NERVESA (TREVISO) - «Non era stato bene, gli avevo detto di non andare a lavorare. Non mi ha ascoltato e ora non c’è più. Nella mia vita resta, ora, solo dolore e solitudine». Sono queste le parole che ha pronunciato, tra i singhiozzi, Silvia Zambon, la mamma di Umberto Coghetto, morto folgorato a 27 anni, ieri pomeriggio, ad Agna, nel padovano. Ieri pomeriggio, quando è rimasto vittima dell’incidente sul lavoro, stava montando una tensostruttura all'interno della ditta Agraria Tocchio e, secondo le prime ricostruzioni, ha urtato involontariamente i cavi dell'alta tensione.

Sono bastati pochi secondi e per lui non c’è stato più nulla da fare.

Il dolore

I parenti, attoniti, si sono stretti al dolore della mamma e del papà, che ha un’altra compagna e un figlio più piccolo.
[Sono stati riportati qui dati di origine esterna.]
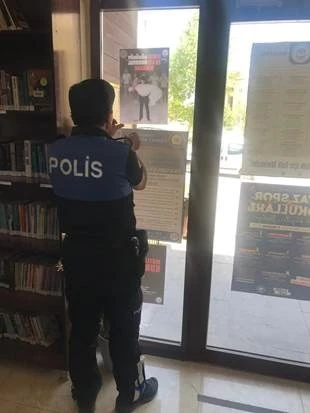 Düğünlerde magandalara karşı bilgilendirme çalışmalar sürüyor
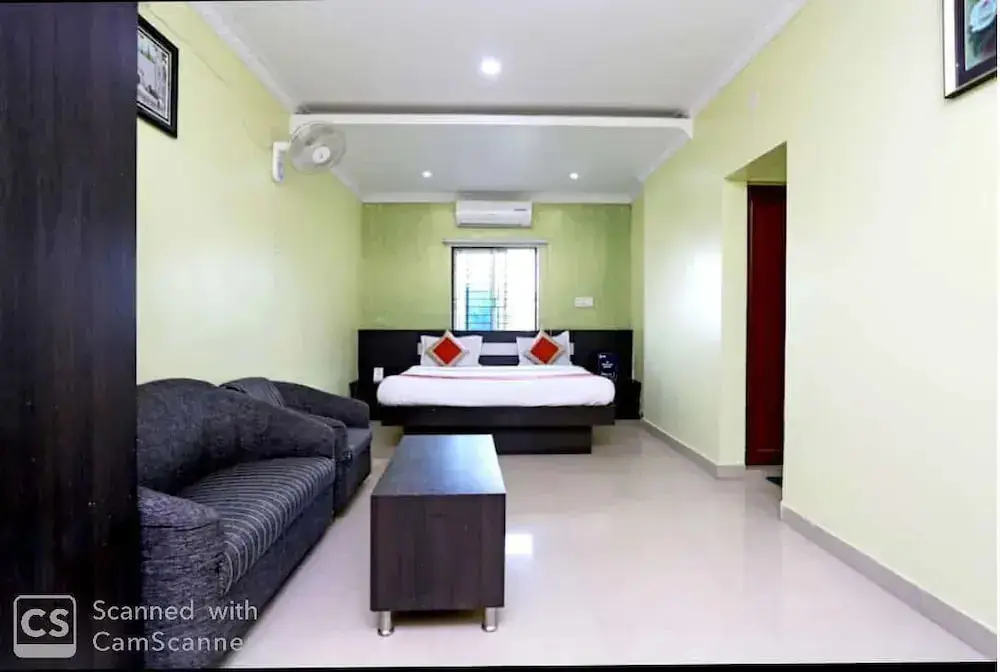 Бхубанешвар: Hotel Royal Guest House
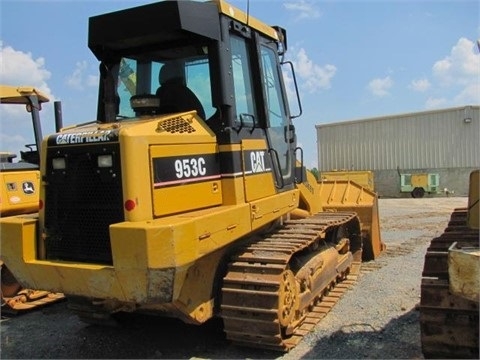 Track Loaders Caterpillar 953C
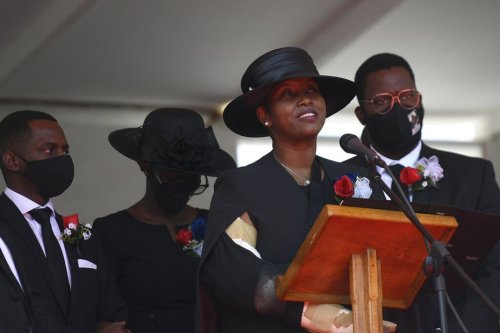 La veuve du président d'Haïti assassiné détaille l'attaque et met en cause la sécurité - Guadeloupe la 1ère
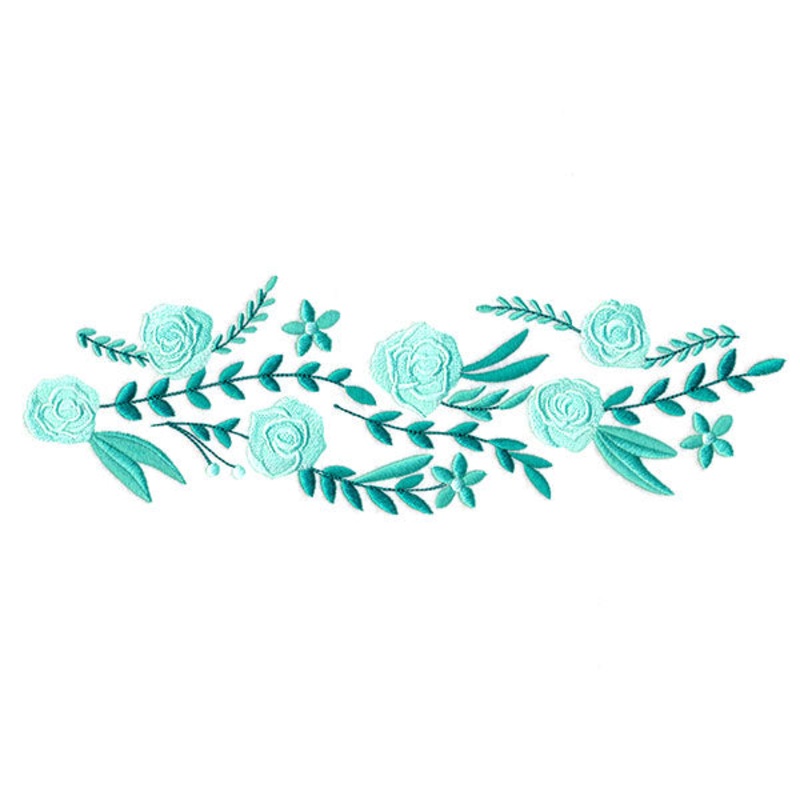Blooming Wildflowers Border|3.7″ x 11.75″ / 93.97mm x 298.44mm|2.96″ x 9.41″ / 75.27mm x 238.98mm|2.46″ x 7.81″ / 62.48mm x 198.32mm|2.16″ x 6.86″ / 54.86mm x 174.15mm|All Sizes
Era stato il padre ad avviare la ditta familiare, con sede a Nervesa, per poi dismetterla. Un anno fa Umberto aveva deciso di lanciarsi nell’avventura imprenditoriale, abbandonando il lavoro che amava come cuoco nei ristoranti della zona. Aveva aperto la “Br Technology”, con sede a Nervesa e il papà era diventato suo dipendente. Così come era bravissimo a mettere insieme puntualità, rigore ed estro quando era dietro ai fornelli, era riuscito a ridare una identità e una nuova vita a una ditta che aveva perso lo smalto iniziale. «Era apprezzato per la qualità del lavoro che faceva. Solare, divertente, sapeva coinvolgere le persone ed era sempre il primo ad arrivare e l’ultimo ad andare via» raccontano gli amici, con le lacrime agli occhi. E aggiungono: «Era un imprenditore modello ma lo ricordiamo quando faceva il cuoco. Lo aspettavamo in piazza, a Nervesa, al termine del lavoro. Arrivava verso le 23 e la serata ripartiva. Lui era capace di dare una accelerate anche alle serate più stanche, con il suo sorriso buono, mai falso o interessato. Se poteva, aiutava tutti».

Chi era

Aveva studiato all’alberghiero Maffioli perchè amava sperimentare in cucina. «Mai banale, curioso, inventava ricette che avevano carattere. Si distinguevano i sapori e aveva conquistato una fetta sempre maggiore di clienti che era diventata assidua frequentatrice del nostro locale» dicono gli amici che lavoravano, fianco a fianco, con lui alla pizzeria ristorante Charlot di Cusignana. Sono sconvolti e la voglia di parlare è pochissima. Si stenta a mettere insieme un discorso. Poi, l’amicizia che li legava a questo ragazzone buono prevale. Una parola dopo l’altra, con dolore, parlano di una figura carismatica “nel suo vivere da giovane modello, mai una rissa, mai una litigata seria. Alle volte qualche bicchierino se lo faceva anche lui. Era di compagnia. Non possiamo credere che sia rimasto vittima di un incidente sul lavoro. Era scrupoloso, pignolo, quasi maniacale. Metteva attenzione in tutto quello che faceva. Non improvvisava mai nulla» dicono. E si zittiscono perchè parlare di lui, ricordarlo, vuol dire parlare al passato. E loro non riescono ancora a farlo.

«Aveva preso la gioia di vivere dal papà, figura molto conosciuta con il soprannome di Beppe Rock. Il padre suonava per i matrimoni, nelle cerimonie, nei festival. Una passione che non ha mai smesso. Umberto non suonava, la musica la ascoltava, ma era un compagnone» raccontano alcuni parenti. Aveva lavorato anche al ristorante Casa Balbi di Pieve di Soligo dove aveva mosso i primi passi ed era diventato in breve tempo chef di riferimento. Un altro parente, con sofferenza, dice: «Negli anni non aveva mai fatto un incidente». Ne è bastato uno per strappare alla vita questo ragazzo buono e solare.